- [Available data]

________

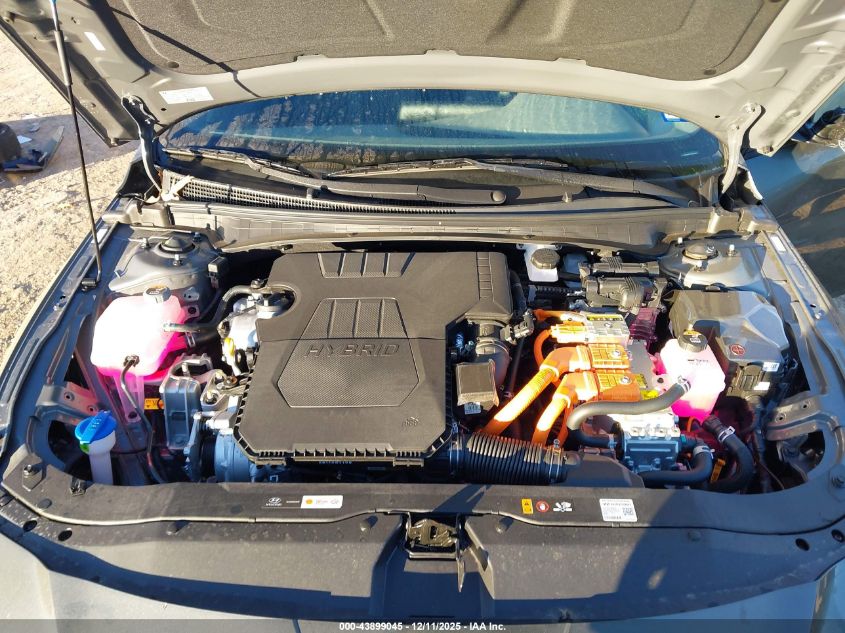 2026 Hyundai Elantra Hybrid Blue VIN: KMHLM4DJ0TU185834 Lot: 43899045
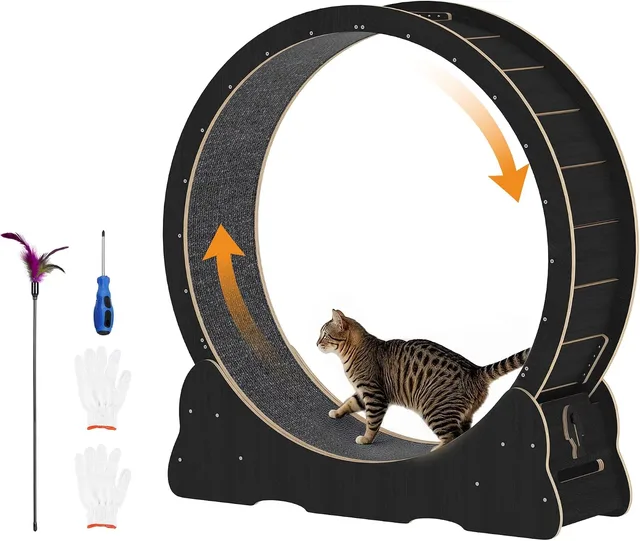 Cat Treadmill 38.2 inch black white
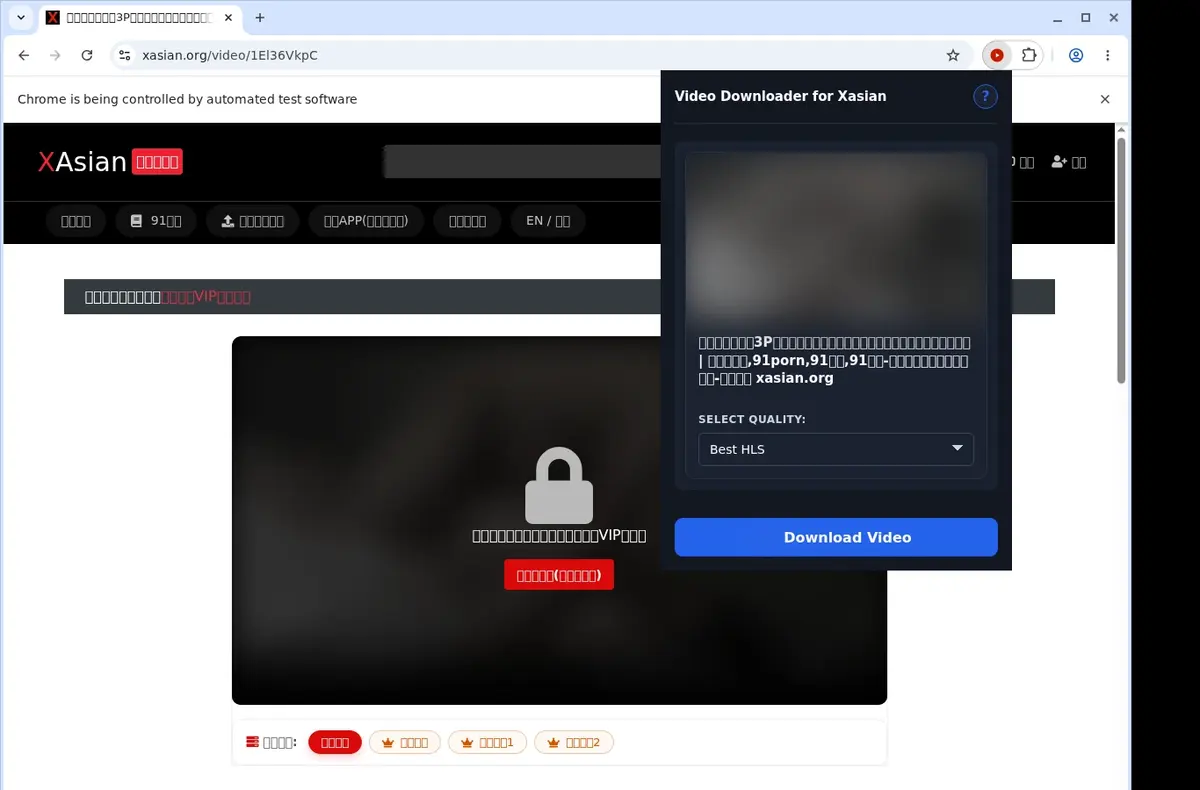 XAsian Video Downloader showing detected media ready to download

________

- [Directions] Transcribe the whole listing exactly but exclude images.

- [Result of the task]
 2026 Hyundai Elantra Hybrid Blue VIN: KMHLM4DJ0TU185834 Lot: 43899045
 Cat Treadmill 38.2 inch black white
 XAsian Video Downloader showing detected media ready to download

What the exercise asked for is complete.